2. Make sure you are on the electoral role
Make sure that when you move house, you register to vote at your new address as soon as possible. This can improve your score within 8 weeks as Councils send voter data to credit reference agencies once a month. Don't wait for the annual reminder, apply as soon as possible at Gov.uk.
3. Never miss a payment or make a payment late
Making sure you can pay you bills on time is the best way to prove to lenders that you can manage your finances effectively. Missing or defaulting on a payment can have a disproportionate impact on your credit score. Doing this once or twice can impact your credit score for years, and defaults in the previous 12 months will impact you the most. Paying your bills by direct debit will make sure you don't miss a payment or are late. If you do miss a payment or are worried that you can't make a payment then contact your provider as soon as possible.
4. Make sure your finances aren't linked to someone with a bad credit score
If you have a joint account with someone with a poor credit score, this can affect your credit score. Breaking these financial links could boost your credit score within a month. Joint accounts that are considered here are a joint mortgage, joint loan, joint bank account and, in certain circumstances, joint utility bills. If you break up with someone that you've had joint finances with, you will need to make sure you de-link your finances and contact the credit reference agencies and ask for a notice of disassociation. This will stop their credit score affecting yours in the future. You will need to no longer have a joint account or joint loan with your ex for the credit agencies to do this.,
5. Limit credit applications
Applying for credit frequently in a short space of time can negatively impact your credit score. If you’ve been turned down for credit, you should avoid applying for credit again immediately. It makes lenders think that you are overly reliant on credit and are therefore higher risk. Each application for credit will record a hard search on your report which companies can see, and this is on your file for a year. It's therefore good to space out your credit applications, for example a maximum of one every 3 months.

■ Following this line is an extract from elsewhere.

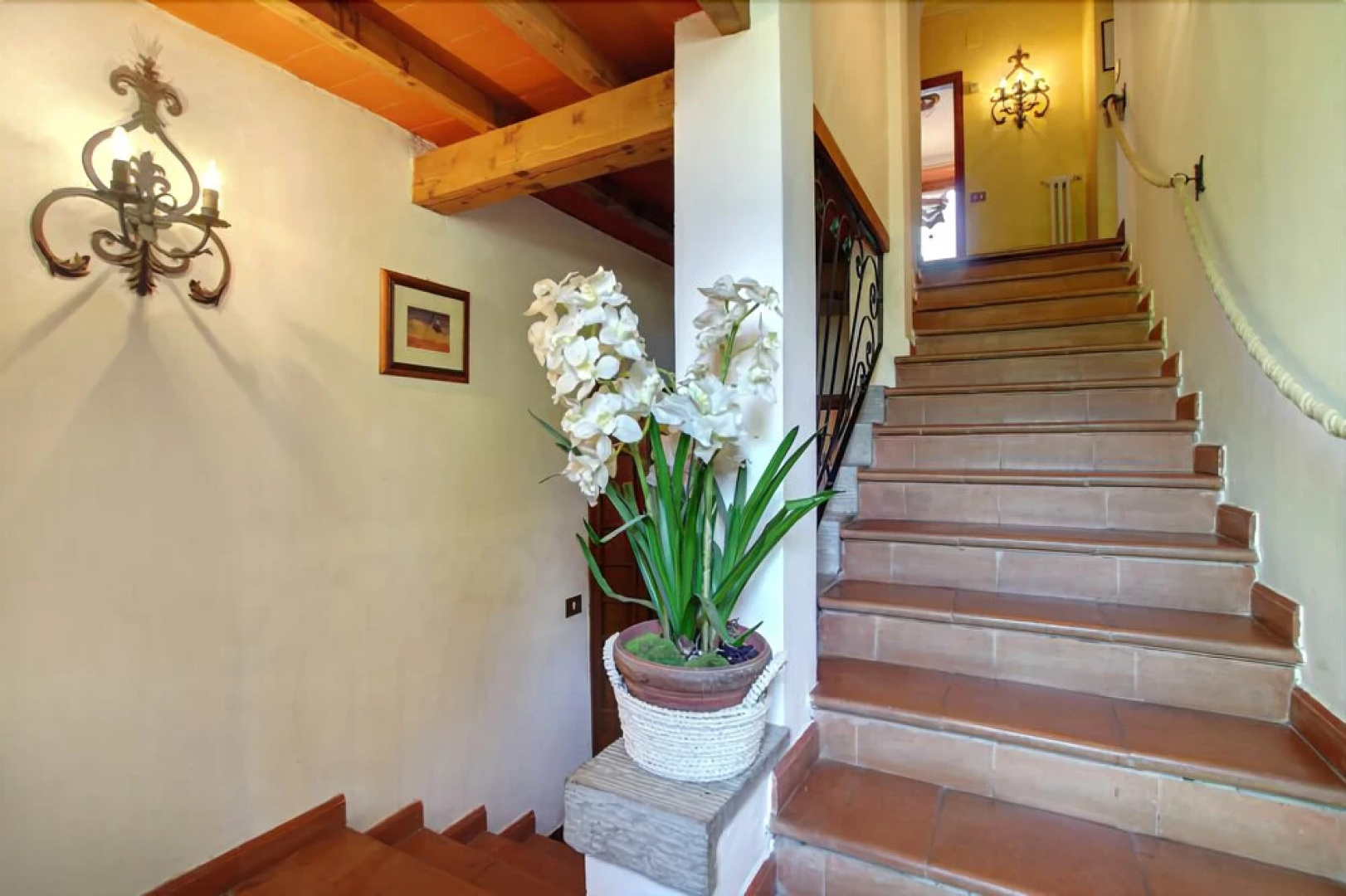 Villa Acacia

6. Avoid using your credit card to withdraw cash
Many lenders view this as evidence of poor money management, except for when you withdraw cash on a specialist card abroad. Withdrawing cash on a credit card is expensive as you're charged for this, even if you repay in full each month.
7. Try and stay under 30% of your credit card balance
If you have a credit card limit of £6,000 then try and keep the balance below £1,800. Usually a lower balance on your credit card will be seen positively be lenders.
It's important to know your credit score and check it frequently. It is also a good way for you to be alerted to and report any fraudulent activity such as borrowing in your name.